§ Work item: No picture belongs in the copy. Repeat each line below exactly.

§ Given data:
::::::::

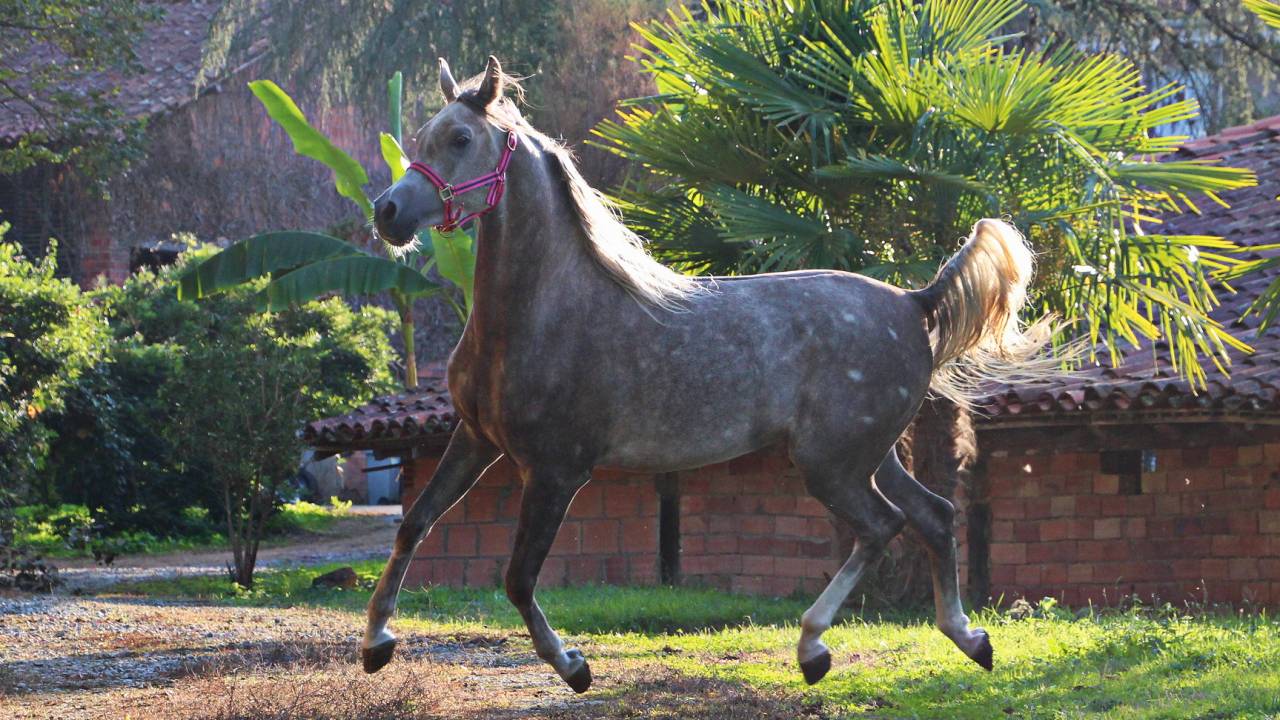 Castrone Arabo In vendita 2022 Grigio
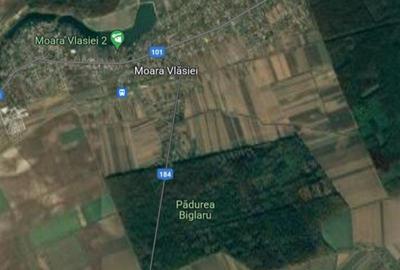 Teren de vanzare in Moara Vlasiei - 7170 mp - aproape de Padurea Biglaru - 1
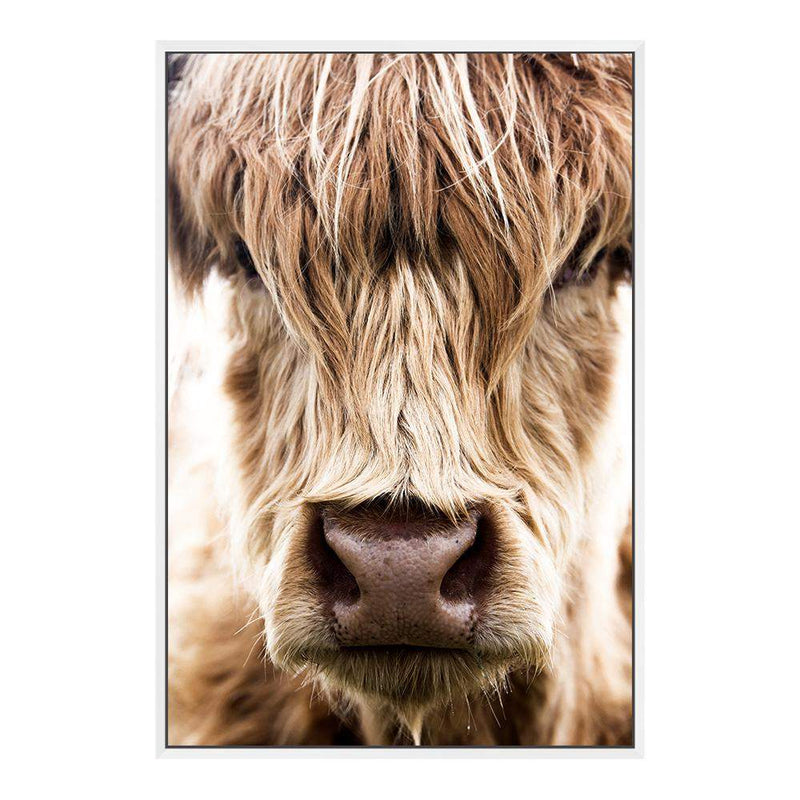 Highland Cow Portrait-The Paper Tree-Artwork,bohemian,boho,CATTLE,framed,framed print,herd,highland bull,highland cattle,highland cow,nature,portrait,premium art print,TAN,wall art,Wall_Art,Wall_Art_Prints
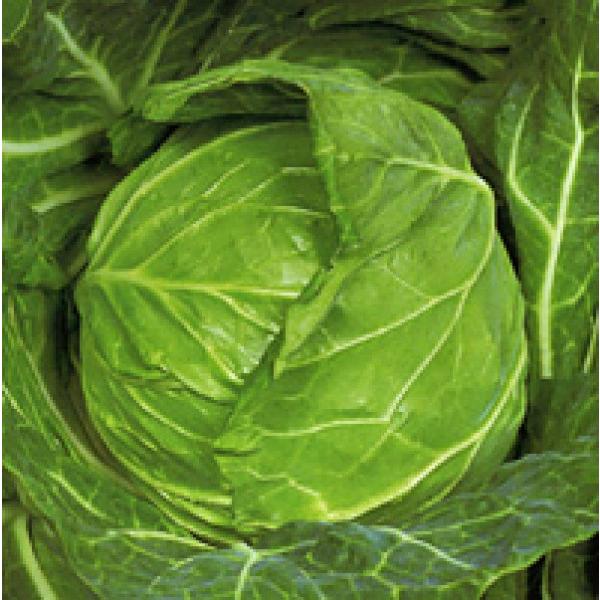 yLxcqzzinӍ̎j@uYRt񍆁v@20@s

::::::::

§ Result for this exercise:
 Castrone Arabo In vendita 2022 Grigio
 Teren de vanzare in Moara Vlasiei - 7170 mp - aproape de Padurea Biglaru - 1
 Highland Cow Portrait-The Paper Tree-Artwork,bohemian,boho,CATTLE,framed,framed print,herd,highland bull,highland cattle,highland cow,nature,portrait,premium art print,TAN,wall art,Wall_Art,Wall_Art_Prints
 yLxcqzzinӍ̎j@uYRt񍆁v@20@s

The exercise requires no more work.